Activity:
Quote, word for word, only the lines running from the line with "Toyota Avensis 2.0D" through the end of the listing. Leave out the pictures.

Source information:
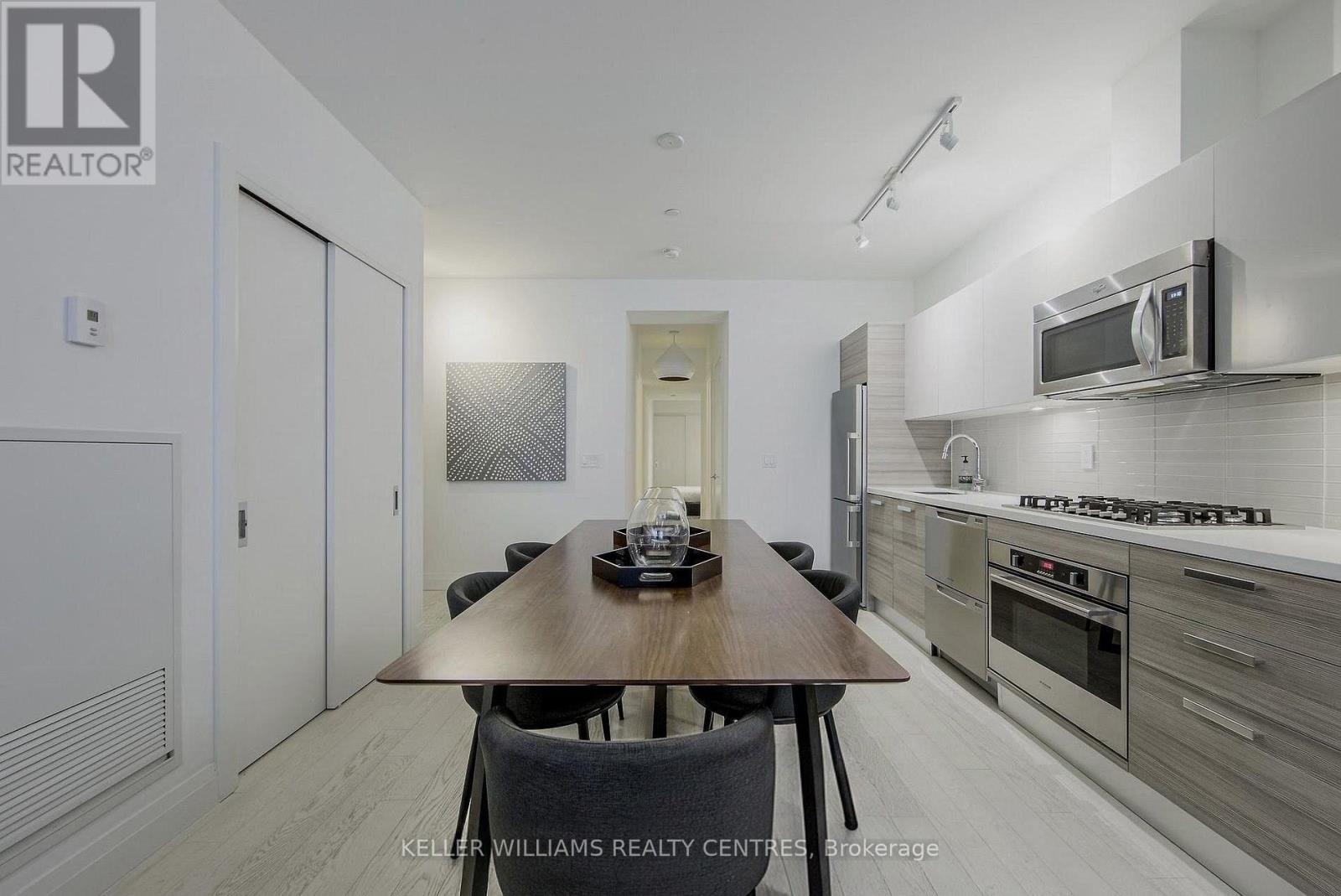 501 - 224 King Street West Street W Property Photo 1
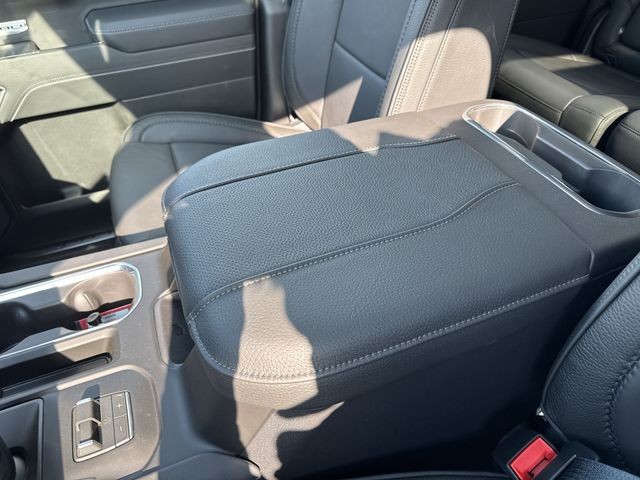 GMC Sierra 1500 Vehicle Full-screen Gallery Image 21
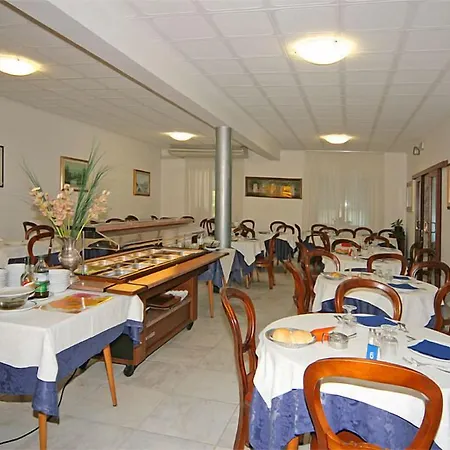 Lucciola Hotel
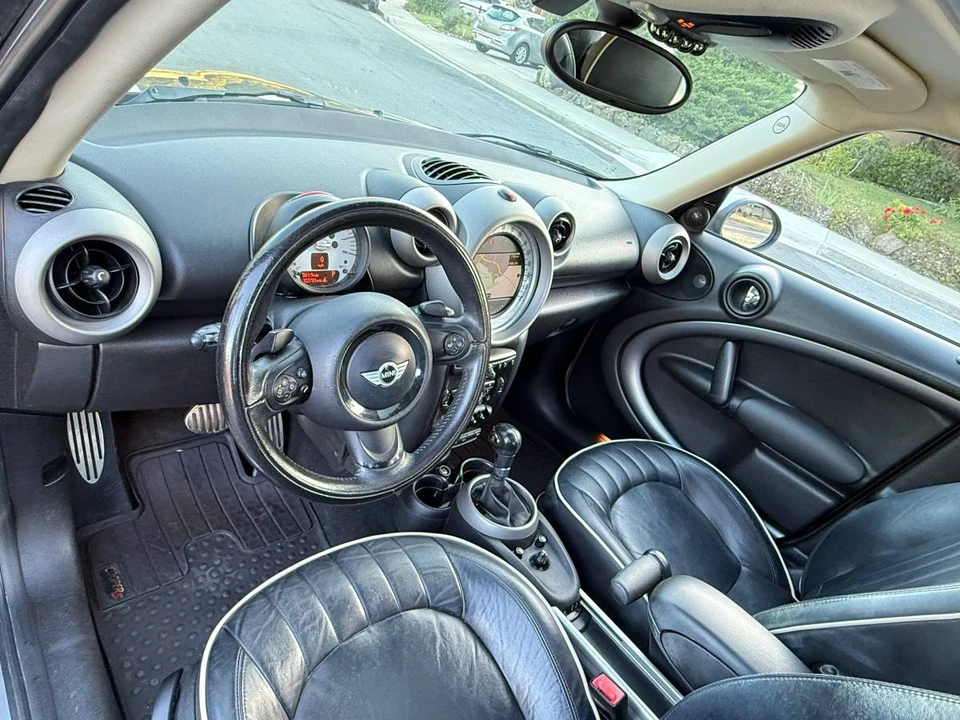 2011 Mini Countryman 1st Gen - Image 11 of 24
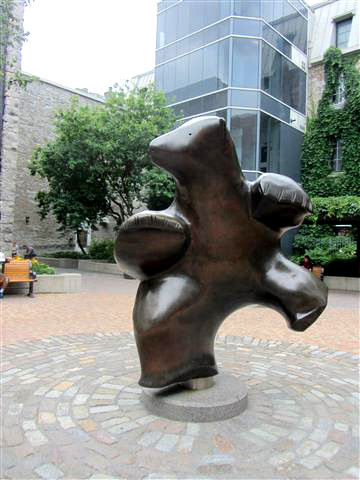 OttawaStatues20-DancingBear-JeanneDarcCourt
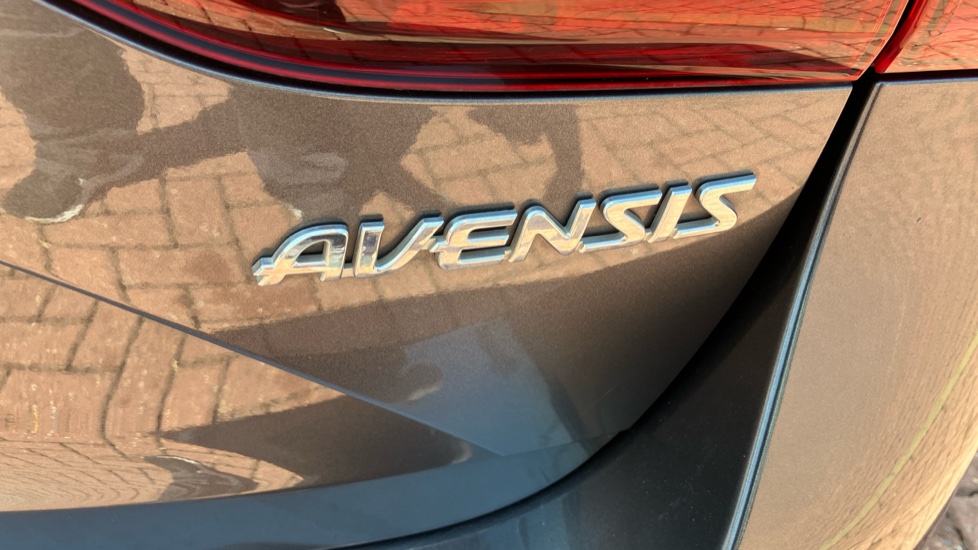 Toyota Avensis 2.0D Business Edition Plus 5dr Diesel Estate - Image 52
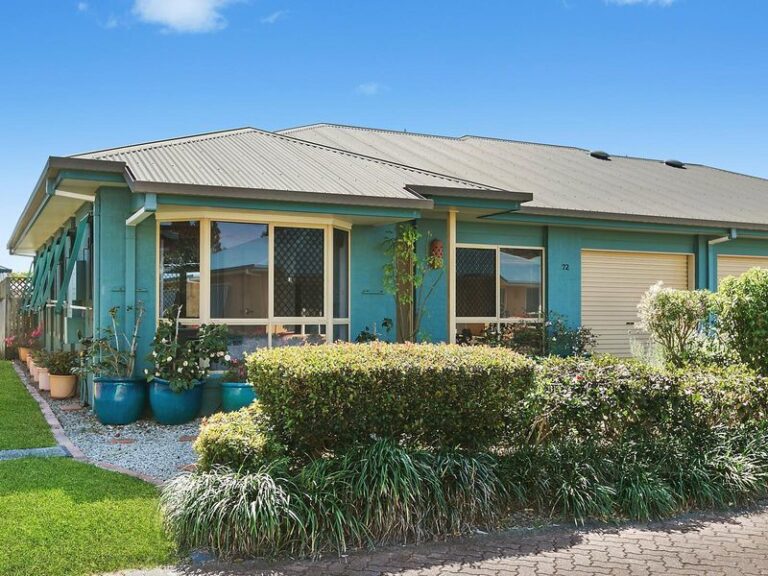 Sold - 72/40 Lakeside Crescent - New Property in CURRIMUNDI - Real Estate by Peter Hill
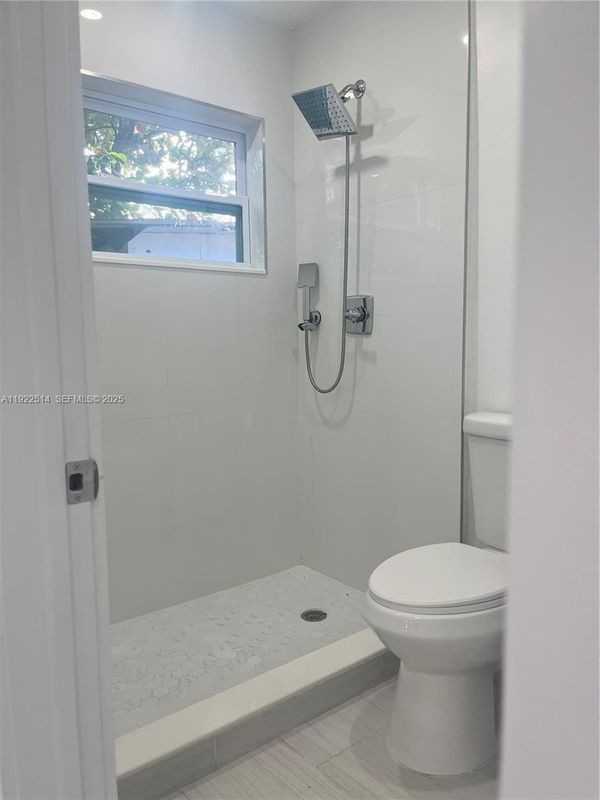 3912 Sw 12th Ct ##3 - Photo 2 of 5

Answer section:
 Toyota Avensis 2.0D Business Edition Plus 5dr Diesel Estate - Image 52
 Sold - 72/40 Lakeside Crescent - New Property in CURRIMUNDI - Real Estate by Peter Hill
 3912 Sw 12th Ct ##3 - Photo 2 of 5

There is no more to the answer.